CAG.3047 Patrick Hennessy, The Angel of the Annunciation, 1953, oil on canvas, 70 x 90.4 cm. Presented, 2017. © the artist's estate.
The Angel of the Annunciation (1953) by Patrick Hennessy is at once simple and complex. The composition of two seemingly religious sculptures on the shore, against a backdrop of a glistening sea and clouded sky, may appear straightforward. However, when we question why these figures are placed here, who they represent, and what their relationship is to one another, then things become less clear.
A clue may be found in the title of the work, which suggests the winged figure to be the Archangel Gabriel, the messenger who reputedly announced the Incarnation of Jesus Christ. To follow this thought, we would expect the figure in the distance to be the Virgin Mary, but instead we find an androgynous sculptural form in French Gothic style.

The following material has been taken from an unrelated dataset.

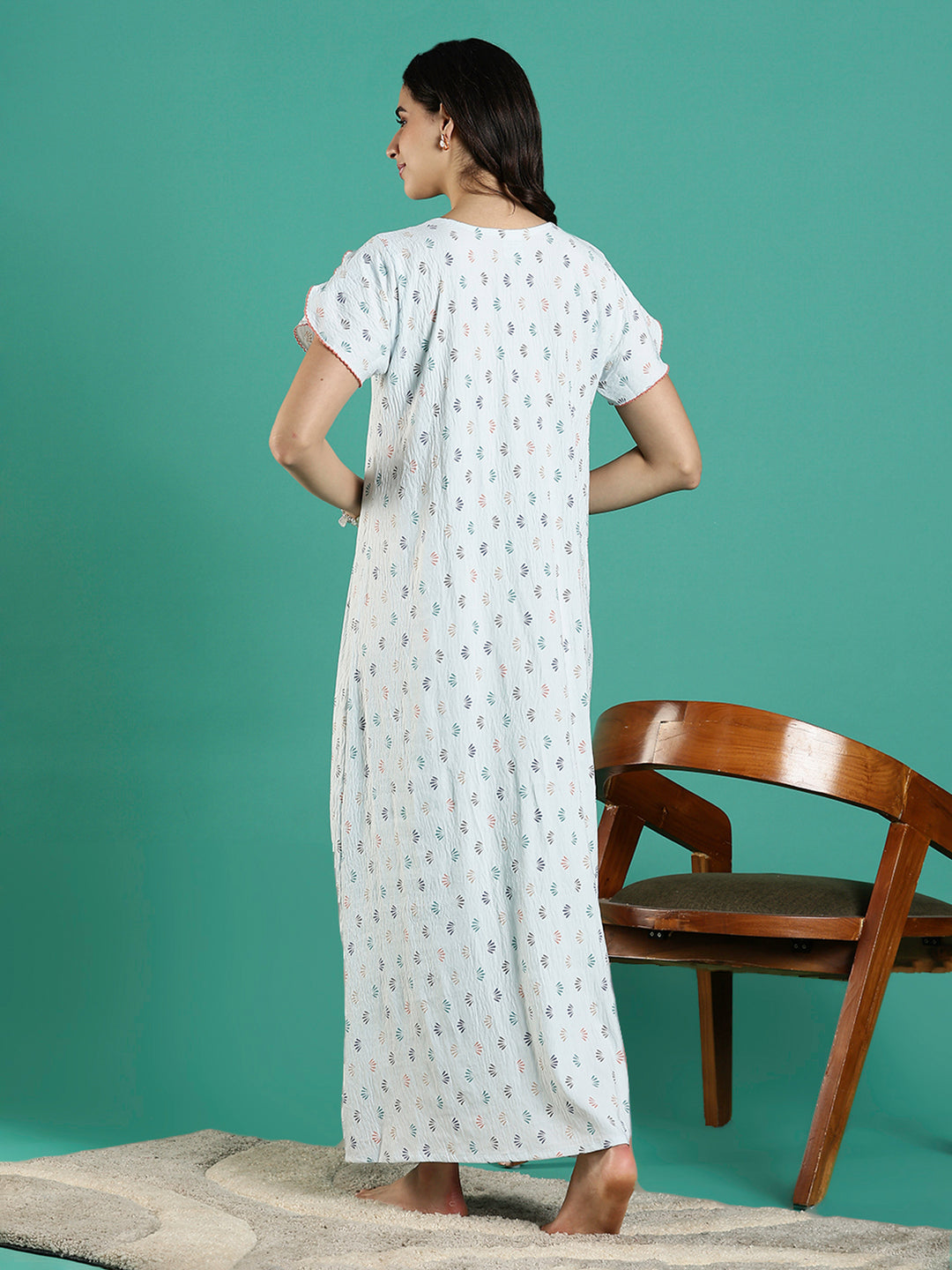 Premium Crush Cotton Designer Nighty for Women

One interpretation suggests that the subject may be taken from the Book of Revelation, in which Christ meets Gabriel, and thus the painting may relate to the beginning and the end (apocalypse). More likely is that, as relics of a previous order these out-of-place statues have lost their power, and as Seán Kissane suggests, are “irrelevant in a modern world.”
This startling, yet cryptic painting may also be rooted in the artist’s Catholic upbringing. Cork-born artist Patrick Hennessy (1915-1980) grew up in Scotland, but later returned to Ireland where he lived with his partner, and fellow artist, Henry Robertson Craig. Navigating a markedly conservative society as a gay man, Hennessy often encoded, consciously or otherwise, homosexual identity in his work and the tensions that arise between the public and authentic self.
As such, we would like to celebrate Cork Pride Festival (19-25 October) with this online contribution to the history of Irish LGBT+ culture.